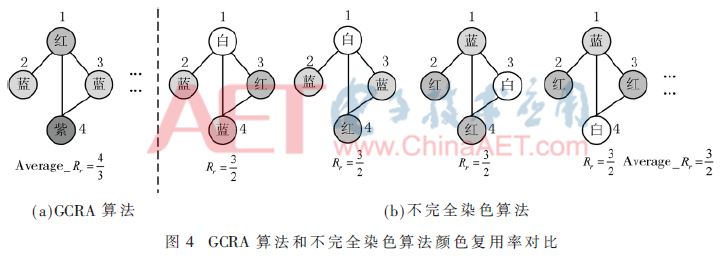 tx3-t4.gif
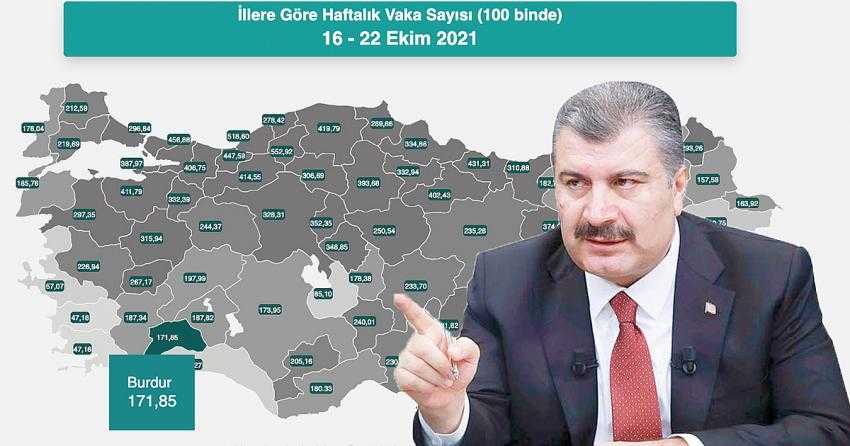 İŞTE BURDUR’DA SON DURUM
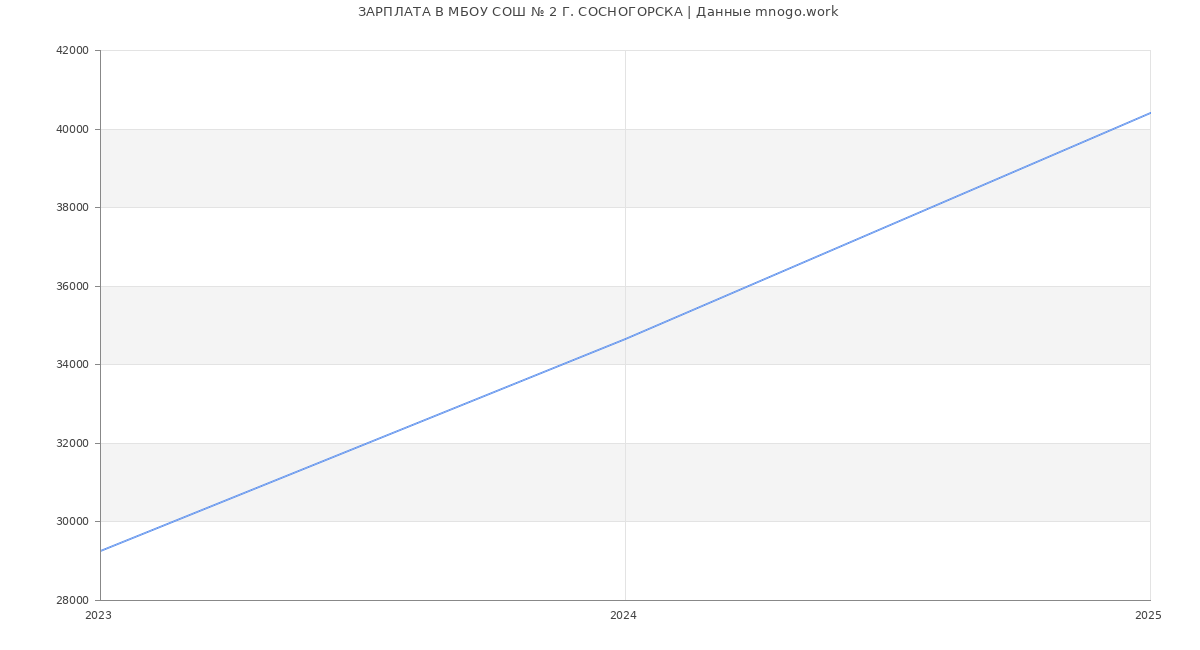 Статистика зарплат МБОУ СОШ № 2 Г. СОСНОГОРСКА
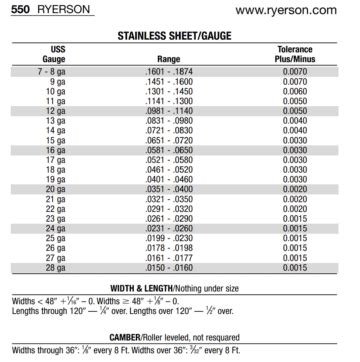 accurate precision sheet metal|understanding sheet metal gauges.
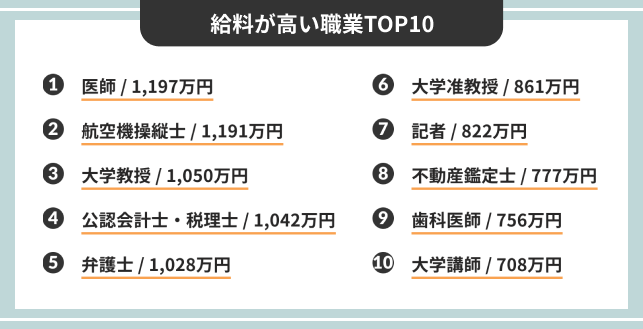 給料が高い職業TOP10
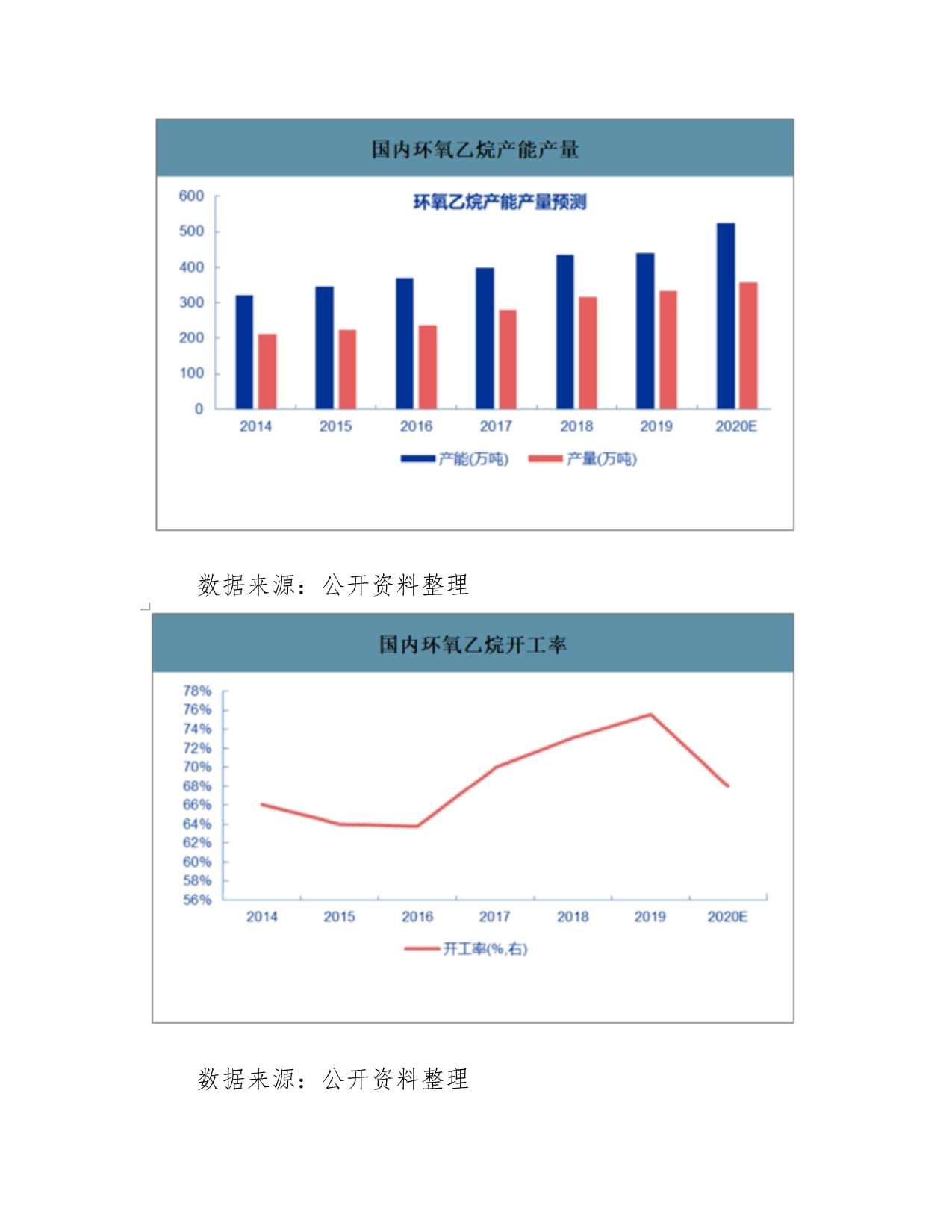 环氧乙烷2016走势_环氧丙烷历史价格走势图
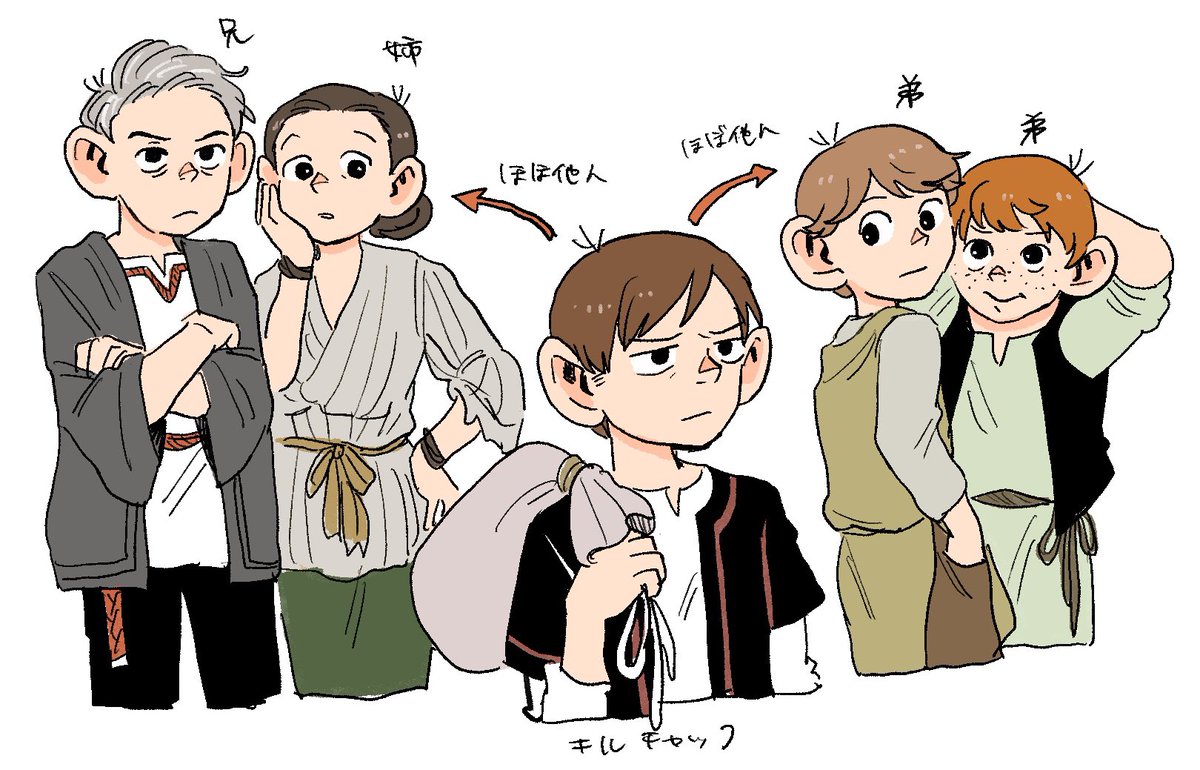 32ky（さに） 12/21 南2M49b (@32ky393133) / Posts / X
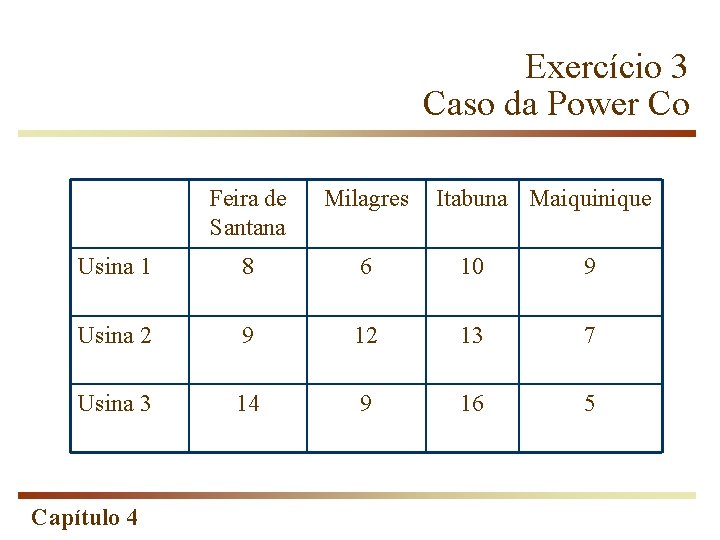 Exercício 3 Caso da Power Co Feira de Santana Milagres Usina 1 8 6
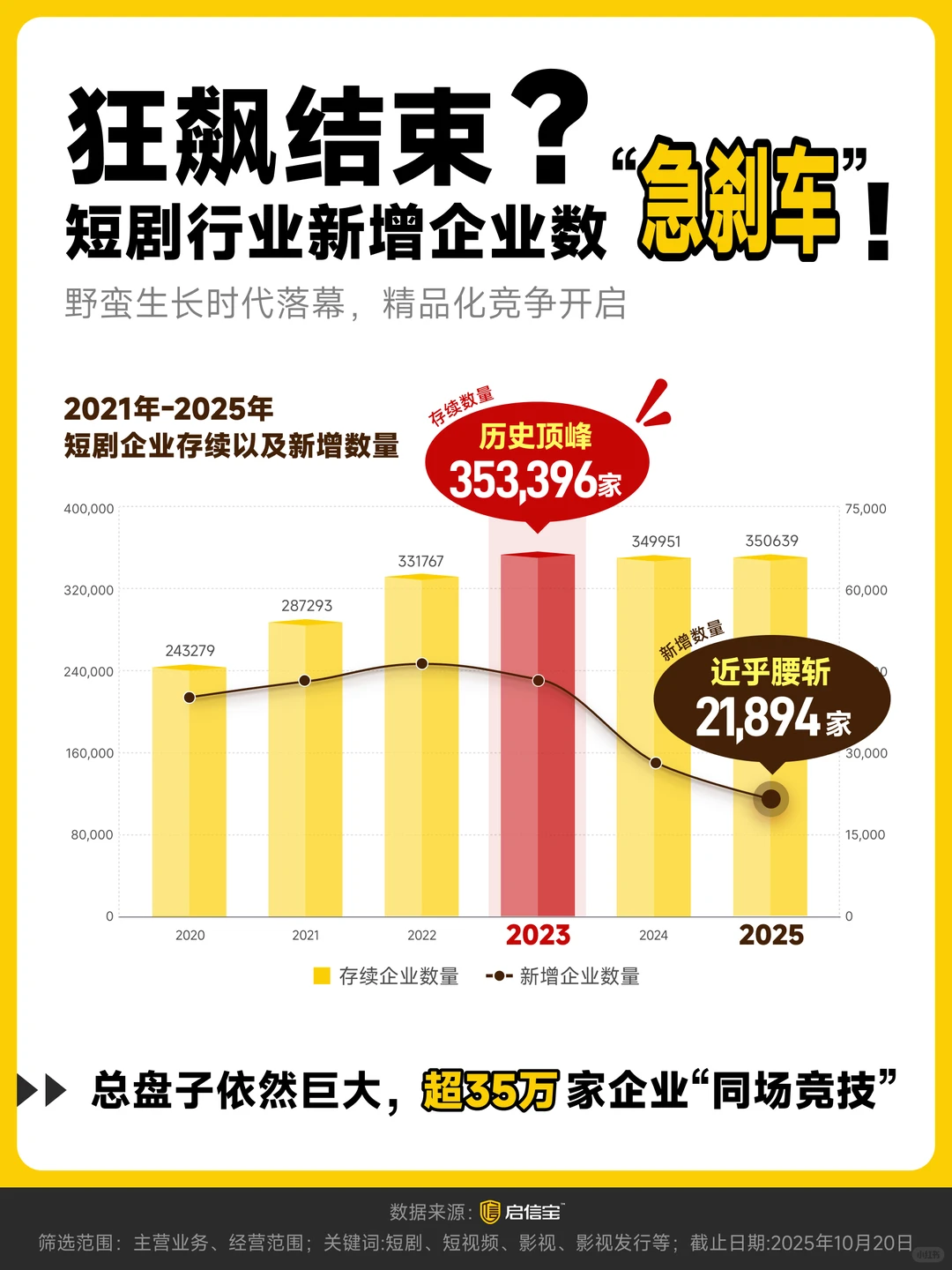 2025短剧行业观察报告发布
= = =
Copy nothing but the lines from the line that contains "accurate precision sheet" through the end of the listing, exactly, and keep pictures out of it.

- Solution for this problem -
 accurate precision sheet metal|understanding sheet metal gauges.
 給料が高い職業TOP10
 环氧乙烷2016走势_环氧丙烷历史价格走势图
 32ky（さに） 12/21 南2M49b (@32ky393133) / Posts / X
 Exercício 3 Caso da Power Co Feira de Santana Milagres Usina 1 8 6
 2025短剧行业观察报告发布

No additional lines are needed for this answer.